Wednesday, June 11, 2008

"Double Headed" Daisy?

Could you please tell me if it is possible to get a double or triple headed daisy? I have enclosed a photograph in the attachment.

That photograph you sent is really wild looking, no pun intended. In short, I do not know of any growers that try to produce or specialize in bizarrely mutated plant forms like the one photographed. I am guessing that flower, obviously a member of the Aster family (Asteraceae), grew and blossomed as it did because of either a genetic mutation or perhaps some bizarre damage (insect related?) to the emerging flower bud which then allowed two flowers to bloom fused together.

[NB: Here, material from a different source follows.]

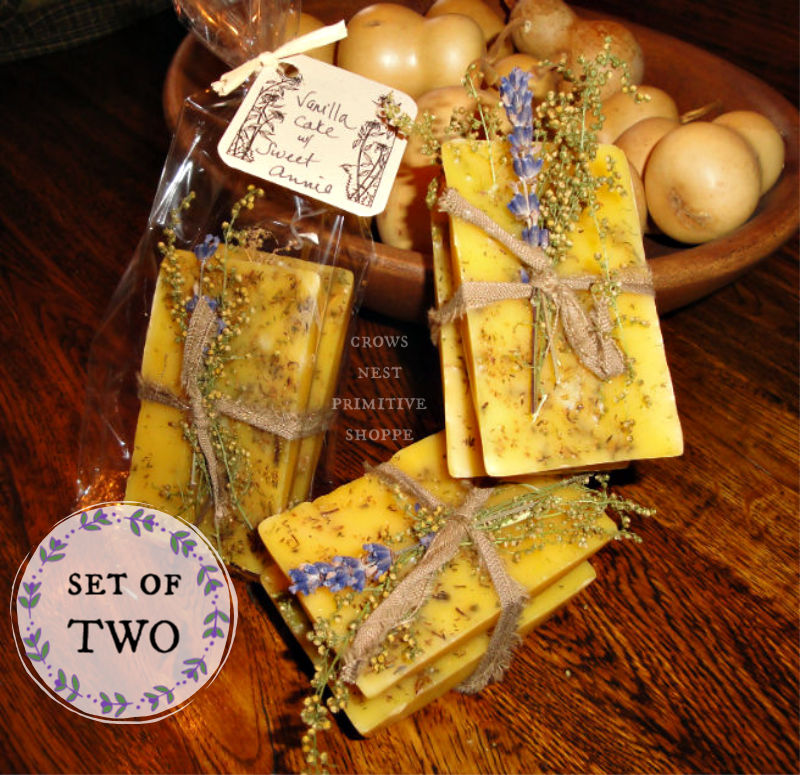 Scented Beeswax Sweet Annie Vanilla Cake Set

To be honest I do not think I have ever seen a mutation like this, but a coworker just mentioned over my shoulder that she has seen in the past tomato plant flowers fused together and produce some sort of “Siamese twin” tomatoes. What can I say, genetics and mutation is truly a fascinating aspect of science and horticulture. But again, sorry, I have to say that finding a flower like that in the trade is probably going to be pretty close to impossible. And trust me, I know some pretty nontraditional gardeners out there. But, if you do find a source, please pass it along!


  1. We found a double-headed daisy today. It was very odd, so we looked it up on the internet. Too our suprise, we learned that it is almost impossible to locate this type of phenomenom.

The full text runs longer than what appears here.